MCMILLAN SEEKS DECLARATION OF DROUGHT EMERGENCY IN ALABAMA
MONTGOMERY, Ala. -- Drought conditions have impacted Alabama's crop yields, imperiling farmers in the southern third of the state to the point where federal emergency aid will be needed, says Commissioner John McMillan of the state Department of Agriculture & Industries.
"Today, I am requesting a review of drought conditions in the state in order to begin the process of declaring a federal drought emergency," says McMillan.
Supporting McMillan's concerns about the summer drought is today's crop acreage report from the U.S. Department of Agriculture stating that conditions for about one-third of Alabama's leading crops range from poor to very poor. Only 27 percent are rated good or excellent.
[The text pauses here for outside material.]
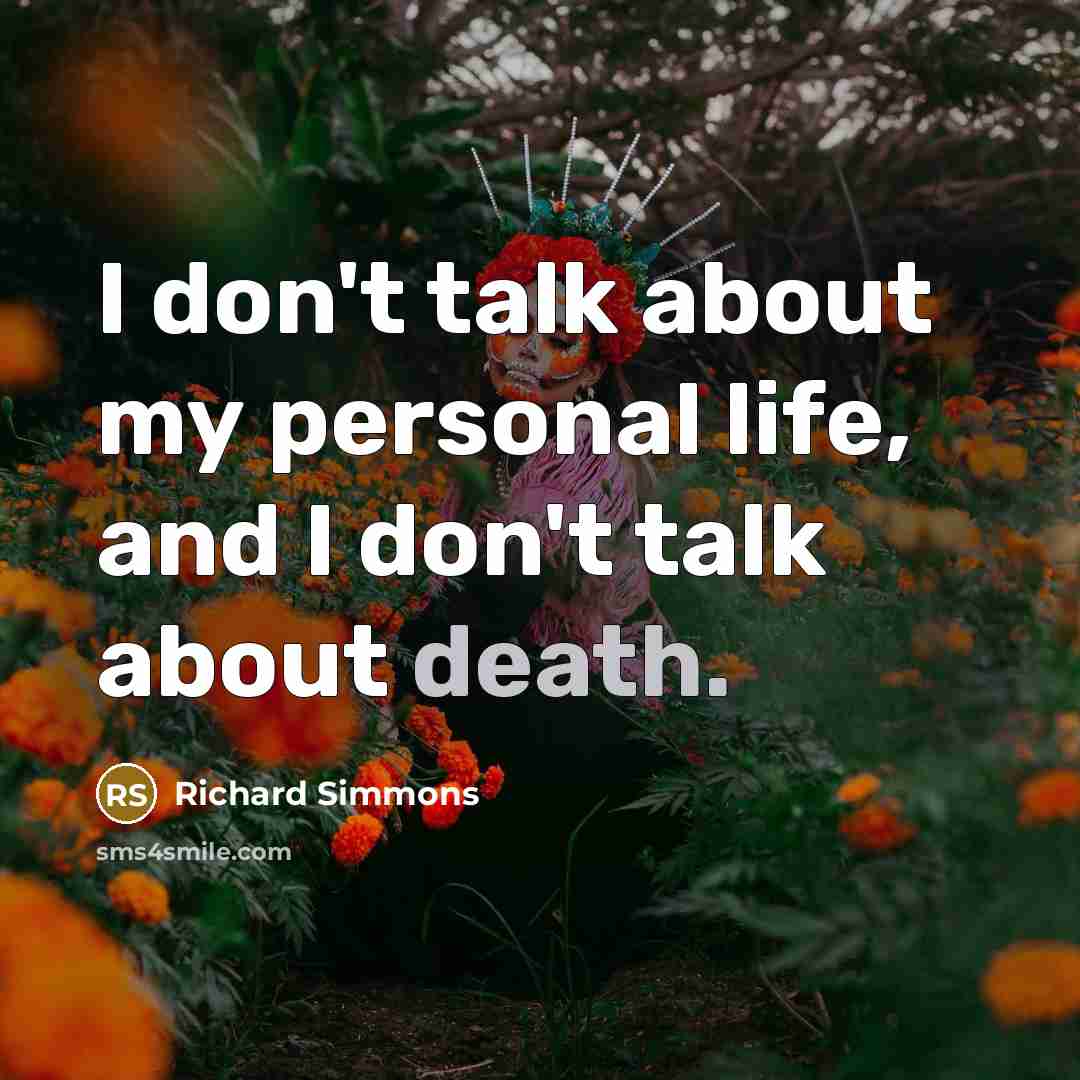 “I don't talk about my personal life, and I don't…” quote by Richard Simmons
"Right now, all counties in the southern tier of Alabama are suffering an extreme drought. Other counties will follow suit if our current low rainfall pattern persists. The next two weeks are critical," explains McMillan. "This is especially frustrating for farmers in a year when commodity prices are at record highs."
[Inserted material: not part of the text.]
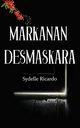 MARKANAN DESMASKARA, Ricardo Sydelle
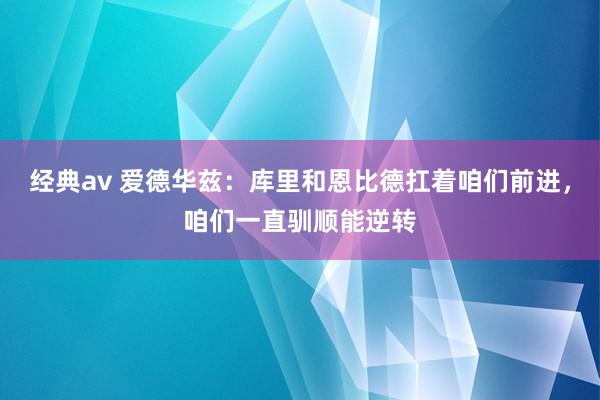 经典av 爱德华兹：库里和恩比德扛着咱们前进，咱们一直驯顺能逆转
"Based on information from the U.S. Drought Monitor, crop acreage reports and other sources, I am recommending to Governor Bentley that certain counties be considered for a drought disaster declaration," McMillan said.
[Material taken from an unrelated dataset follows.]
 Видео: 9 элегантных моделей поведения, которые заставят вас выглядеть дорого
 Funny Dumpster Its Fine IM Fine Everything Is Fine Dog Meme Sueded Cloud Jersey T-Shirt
The Farm Services Agency, a division of the U.S. Department of Agriculture, will assess the governor's request and take action, which in this case would include providing emergency aid to farmers impacted by the drought. This can include low interest loans and certain types of direct assistance, including the SURE Disaster program.
Twenty-three counties in Georgia, most in the southwestern part of the state, were declared drought disaster areas.
"On the bright side, the USDA today reports that there are 50,500 additional acres planted this year versus 2010," McMillan said.